Scraped caption text data
· · · ·

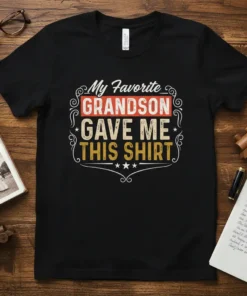 Black t-shirt with "My Favorite GRANDSON GAVE ME THIS SHIRT" text in vintage distressed font and decorative borders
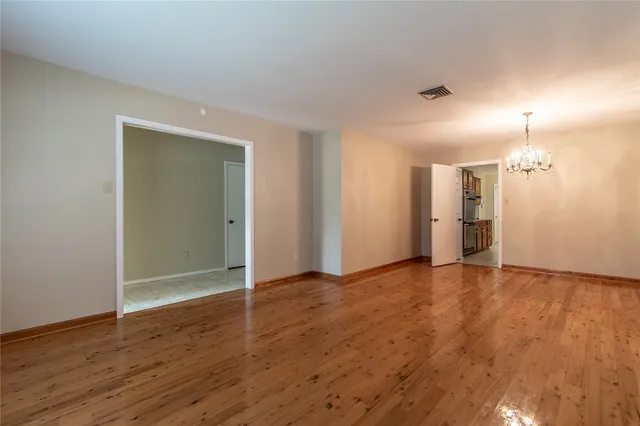 an empty room with wooden floor and window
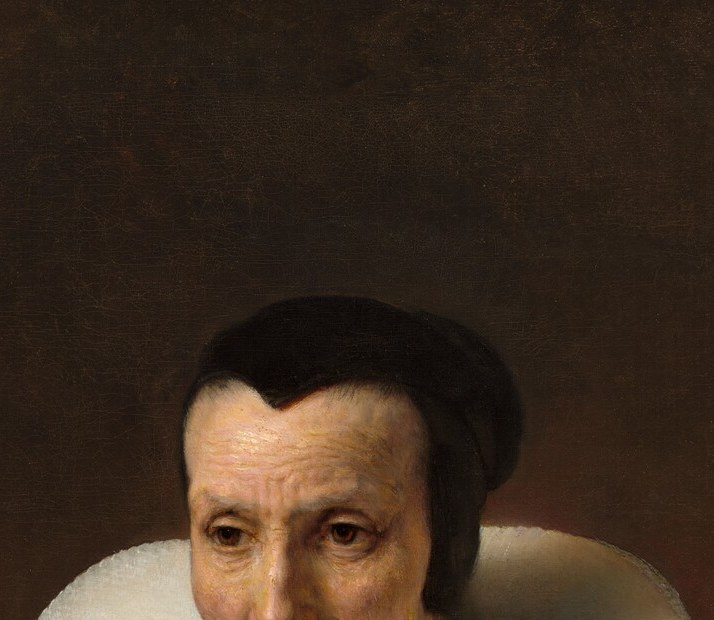 The compositional anchor , Rembrandt illuminates it from above-left, carving out aged skin, a benign expression, and unmistakable individuality from the surrounding dark.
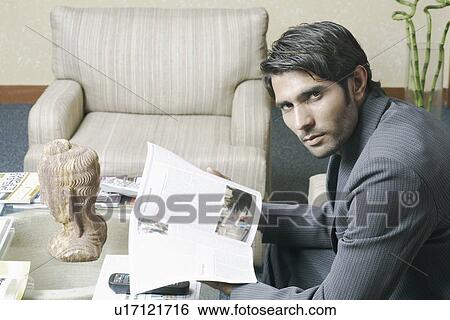 Stock Photograph - Portrait of a businessman reading a magazine. Fotosearch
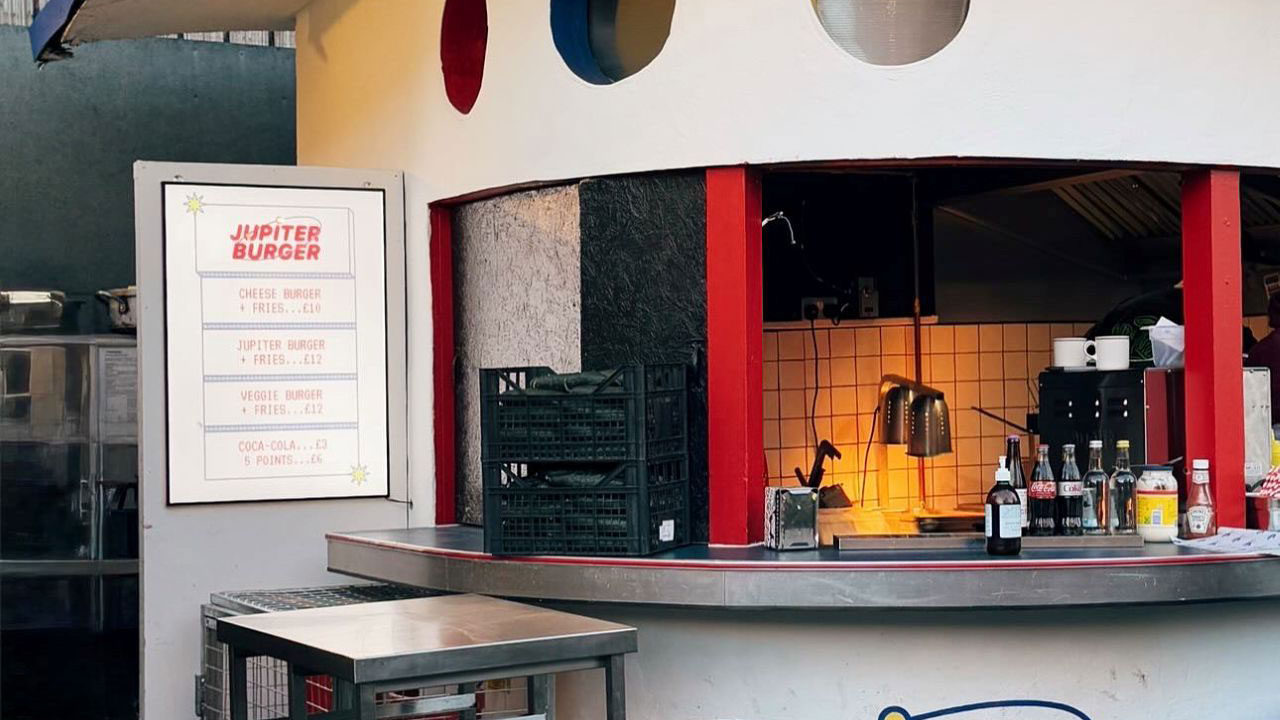 A photo of the spaceship-inspired Jupiter Burger stand at Netil Market with the menu on the wall and silver bar stools at the counter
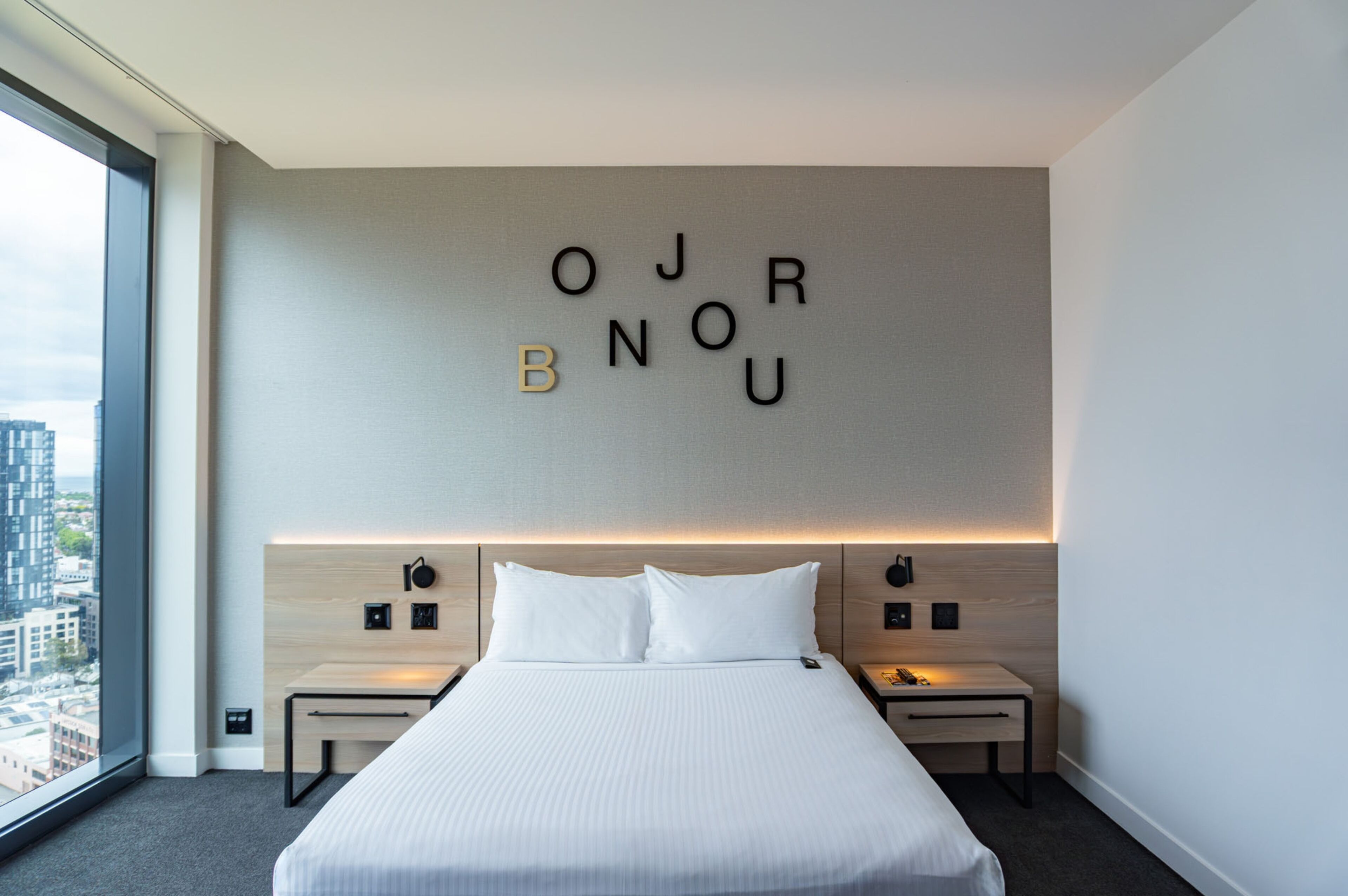 Quarto de hotel moderno com uma cama grande, duas mesas de cabeceira, uma luminária fixada na parede e vista para a cidade.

· · · ·

Repeat word for word, leaving out the pictures, each line of the records from the line that holds "Stock Photograph - Portrait" through the final one.

 Stock Photograph - Portrait of a businessman reading a magazine. Fotosearch
 A photo of the spaceship-inspired Jupiter Burger stand at Netil Market with the menu on the wall and silver bar stools at the counter
 Quarto de hotel moderno com uma cama grande, duas mesas de cabeceira, uma luminária fixada na parede e vista para a cidade.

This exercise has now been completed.